Política de cambio estructural

Informe Nacional de Competitividad 2013-2014

Política de cambio estructural

El presidente Santos, en su discurso de instalación de la última legislatura del Congreso, el pasado 20 de julio, afirmó que era el momento para “mirar hacia adentro”, haciendo alusión a la necesidad de que el país se enfoque en tener una producción eficaz y competitiva, con alto valor agregado. El ministro de Hacienda, Mauricio Cárdenas, fue más explícito e interpretó las palabras del presidente diciendo que el país debe ahora dedicarse a su política industrial.

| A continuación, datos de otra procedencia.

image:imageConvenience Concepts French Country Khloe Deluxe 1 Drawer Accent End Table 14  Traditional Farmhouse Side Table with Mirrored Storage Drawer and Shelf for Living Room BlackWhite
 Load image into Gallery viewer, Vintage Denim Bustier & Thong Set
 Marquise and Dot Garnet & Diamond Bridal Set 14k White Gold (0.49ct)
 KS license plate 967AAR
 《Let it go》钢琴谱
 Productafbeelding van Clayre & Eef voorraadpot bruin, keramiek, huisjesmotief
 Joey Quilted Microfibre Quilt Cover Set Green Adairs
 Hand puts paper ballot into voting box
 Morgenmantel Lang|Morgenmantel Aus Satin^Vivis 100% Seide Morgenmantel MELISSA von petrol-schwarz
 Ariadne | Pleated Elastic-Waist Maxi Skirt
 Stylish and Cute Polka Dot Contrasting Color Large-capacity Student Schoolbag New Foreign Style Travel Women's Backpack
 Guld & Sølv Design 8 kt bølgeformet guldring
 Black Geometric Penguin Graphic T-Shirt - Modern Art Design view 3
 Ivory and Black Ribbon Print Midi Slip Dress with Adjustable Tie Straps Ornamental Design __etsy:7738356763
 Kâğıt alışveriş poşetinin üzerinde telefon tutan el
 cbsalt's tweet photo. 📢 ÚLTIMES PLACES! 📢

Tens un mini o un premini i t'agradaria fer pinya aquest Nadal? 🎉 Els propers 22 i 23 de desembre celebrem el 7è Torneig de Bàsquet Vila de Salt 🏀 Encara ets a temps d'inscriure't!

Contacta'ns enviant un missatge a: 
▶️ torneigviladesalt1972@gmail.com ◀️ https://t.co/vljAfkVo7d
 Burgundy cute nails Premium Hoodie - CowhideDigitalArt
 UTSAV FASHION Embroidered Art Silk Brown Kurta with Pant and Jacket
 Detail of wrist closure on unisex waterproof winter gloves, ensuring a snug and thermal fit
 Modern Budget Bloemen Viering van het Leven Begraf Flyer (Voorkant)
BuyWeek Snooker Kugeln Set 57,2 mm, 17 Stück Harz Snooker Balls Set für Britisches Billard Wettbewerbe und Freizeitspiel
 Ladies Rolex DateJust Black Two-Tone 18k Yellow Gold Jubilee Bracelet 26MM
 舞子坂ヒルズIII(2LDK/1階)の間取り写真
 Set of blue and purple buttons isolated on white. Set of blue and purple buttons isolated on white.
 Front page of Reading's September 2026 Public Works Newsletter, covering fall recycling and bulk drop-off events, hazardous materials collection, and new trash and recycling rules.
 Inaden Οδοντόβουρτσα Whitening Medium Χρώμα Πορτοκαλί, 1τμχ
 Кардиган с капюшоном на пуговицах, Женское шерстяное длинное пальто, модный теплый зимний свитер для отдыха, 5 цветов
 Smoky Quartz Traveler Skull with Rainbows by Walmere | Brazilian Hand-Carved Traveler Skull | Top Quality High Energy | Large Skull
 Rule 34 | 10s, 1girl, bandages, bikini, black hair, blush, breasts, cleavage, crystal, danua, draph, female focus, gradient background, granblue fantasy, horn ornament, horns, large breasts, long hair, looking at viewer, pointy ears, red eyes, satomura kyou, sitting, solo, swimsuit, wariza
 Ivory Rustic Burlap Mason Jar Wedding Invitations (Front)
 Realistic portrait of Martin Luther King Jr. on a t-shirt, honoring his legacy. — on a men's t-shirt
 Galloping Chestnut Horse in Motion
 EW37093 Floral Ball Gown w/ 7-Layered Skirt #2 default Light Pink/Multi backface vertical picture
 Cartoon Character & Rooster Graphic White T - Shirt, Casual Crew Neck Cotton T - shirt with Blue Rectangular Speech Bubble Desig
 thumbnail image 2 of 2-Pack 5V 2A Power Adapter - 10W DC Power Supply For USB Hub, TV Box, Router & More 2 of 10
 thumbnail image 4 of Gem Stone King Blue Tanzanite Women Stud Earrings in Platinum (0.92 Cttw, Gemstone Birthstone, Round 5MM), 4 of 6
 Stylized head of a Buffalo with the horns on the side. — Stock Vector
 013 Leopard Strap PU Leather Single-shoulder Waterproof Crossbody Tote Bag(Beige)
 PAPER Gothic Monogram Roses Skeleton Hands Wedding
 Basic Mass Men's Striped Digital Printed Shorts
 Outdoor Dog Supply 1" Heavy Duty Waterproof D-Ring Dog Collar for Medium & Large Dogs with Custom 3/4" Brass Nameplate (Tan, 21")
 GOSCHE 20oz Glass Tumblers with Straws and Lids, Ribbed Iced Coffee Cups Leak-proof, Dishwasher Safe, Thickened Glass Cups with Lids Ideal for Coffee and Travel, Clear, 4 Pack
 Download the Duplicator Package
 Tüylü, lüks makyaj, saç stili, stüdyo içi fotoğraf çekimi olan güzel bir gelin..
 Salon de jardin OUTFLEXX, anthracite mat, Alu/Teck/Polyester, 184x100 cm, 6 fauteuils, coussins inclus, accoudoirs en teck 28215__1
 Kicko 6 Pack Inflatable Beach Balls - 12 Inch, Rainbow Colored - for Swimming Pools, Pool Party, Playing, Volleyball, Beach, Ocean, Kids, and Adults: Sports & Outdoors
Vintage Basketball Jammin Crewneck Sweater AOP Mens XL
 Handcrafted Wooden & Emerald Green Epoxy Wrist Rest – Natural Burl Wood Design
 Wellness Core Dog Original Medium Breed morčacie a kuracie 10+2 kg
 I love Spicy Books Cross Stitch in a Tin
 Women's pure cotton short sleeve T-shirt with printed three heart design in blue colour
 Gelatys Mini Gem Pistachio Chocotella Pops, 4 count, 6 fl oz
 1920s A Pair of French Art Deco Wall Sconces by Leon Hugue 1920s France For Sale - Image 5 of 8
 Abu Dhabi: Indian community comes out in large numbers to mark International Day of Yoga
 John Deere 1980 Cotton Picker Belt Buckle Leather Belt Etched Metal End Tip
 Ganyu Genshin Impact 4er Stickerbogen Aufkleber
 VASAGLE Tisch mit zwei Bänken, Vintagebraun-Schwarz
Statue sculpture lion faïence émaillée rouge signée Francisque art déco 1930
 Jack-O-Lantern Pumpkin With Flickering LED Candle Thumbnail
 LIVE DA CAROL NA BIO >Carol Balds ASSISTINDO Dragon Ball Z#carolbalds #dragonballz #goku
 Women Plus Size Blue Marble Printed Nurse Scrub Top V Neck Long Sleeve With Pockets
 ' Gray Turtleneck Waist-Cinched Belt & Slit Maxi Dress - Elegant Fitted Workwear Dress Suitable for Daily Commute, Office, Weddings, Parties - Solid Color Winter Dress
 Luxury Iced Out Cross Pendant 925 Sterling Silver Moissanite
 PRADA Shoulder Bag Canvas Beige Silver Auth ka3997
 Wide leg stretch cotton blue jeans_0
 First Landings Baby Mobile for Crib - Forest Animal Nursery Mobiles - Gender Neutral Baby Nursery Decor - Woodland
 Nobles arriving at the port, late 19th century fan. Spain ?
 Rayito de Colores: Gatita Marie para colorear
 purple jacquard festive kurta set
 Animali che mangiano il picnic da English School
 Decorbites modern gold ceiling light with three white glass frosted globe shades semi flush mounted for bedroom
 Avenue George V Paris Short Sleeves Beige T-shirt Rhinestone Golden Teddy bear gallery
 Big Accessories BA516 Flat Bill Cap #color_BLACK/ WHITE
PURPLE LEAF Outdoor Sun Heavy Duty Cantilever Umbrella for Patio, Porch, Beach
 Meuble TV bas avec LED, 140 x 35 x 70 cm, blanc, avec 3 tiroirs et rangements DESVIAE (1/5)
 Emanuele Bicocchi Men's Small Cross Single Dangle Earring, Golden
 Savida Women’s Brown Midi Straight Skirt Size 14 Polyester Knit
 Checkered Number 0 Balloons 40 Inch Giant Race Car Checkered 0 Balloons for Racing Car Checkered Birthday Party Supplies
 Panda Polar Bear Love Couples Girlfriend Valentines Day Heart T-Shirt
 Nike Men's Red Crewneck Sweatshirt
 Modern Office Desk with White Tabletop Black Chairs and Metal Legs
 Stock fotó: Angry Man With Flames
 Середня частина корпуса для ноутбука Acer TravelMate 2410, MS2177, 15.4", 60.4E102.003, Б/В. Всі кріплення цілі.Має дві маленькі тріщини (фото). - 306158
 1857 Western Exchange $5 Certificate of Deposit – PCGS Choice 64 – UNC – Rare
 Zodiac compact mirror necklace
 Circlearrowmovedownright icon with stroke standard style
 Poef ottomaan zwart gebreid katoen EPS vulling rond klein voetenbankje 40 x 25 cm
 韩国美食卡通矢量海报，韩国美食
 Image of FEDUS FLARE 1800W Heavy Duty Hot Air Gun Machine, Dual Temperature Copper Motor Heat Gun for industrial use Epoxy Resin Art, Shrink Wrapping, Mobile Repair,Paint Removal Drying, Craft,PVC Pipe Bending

Este anuncio es recibido con gran expectativa y beneplácito desde el Consejo Privado de Competitividad (CPC), en la medida en que este ha venido insistiendo en que la agenda de competitividad del país debe contener –además de elementos transversales que mejoren la competitividad para cualquier sector de la economía– una agenda vertical, política industrial moderna, política vertical de desarrollo productivo o política de cambio estructural, todos sinónimos desde el punto de vista del CPC. Puntualmente, más allá de venir apoyando una política de este tipo, el Consejo ha venido insistiendo en la necesidad de ordenar todo lo que el país está haciendo en esta materia, bajo una política coherente que articule los diferentes actores e instrumentos.

En este sentido, este capítulo –más que profundizar sobre las justificaciones teóricas detrás de este tipo de política– supone que la discusión sobre la necesidad de una política de cambio estructural está cerrada y presenta propuestas concretas al Gobierno, ahora cuando ha dado señales de que se va a dedicar a organizar y fortalecer los esfuerzos que viene haciendo en este frente. La idea es que estas propuestas den luces para el rediseño y la implementación de una política sólida que le permita al país incrementar el nivel de diversificación y sofisticación de su aparato productivo y, de esa manera, lograr el objetivo de convertirse al año 2032 en el tercer país más competitivo de Latinoamérica.

La evidencia empírica muestra que han sido los países que se han adentrado en un constante proceso de cambio estructural, incrementando la diversificación y sofisticación de sus economías, los que han logrado mantener altas tasas de crecimiento sostenidas en el tiempo y se han convertido en los “milagros económicos” de los últimos 50 años. Casos como el de Corea del Sur, Taiwán, Singapur, Malasia y China ilustran cómo a través de un proceso de transformación productiva que ha cambiado la fisonomía de sus aparatos productivos, estas economías vienen alcanzando tasas de crecimiento que les han permitido lograr niveles de prosperidad de países desarrollados –en algunos casos– y sacar a cientos de millones de personas de la pobreza (ver gráfico 1).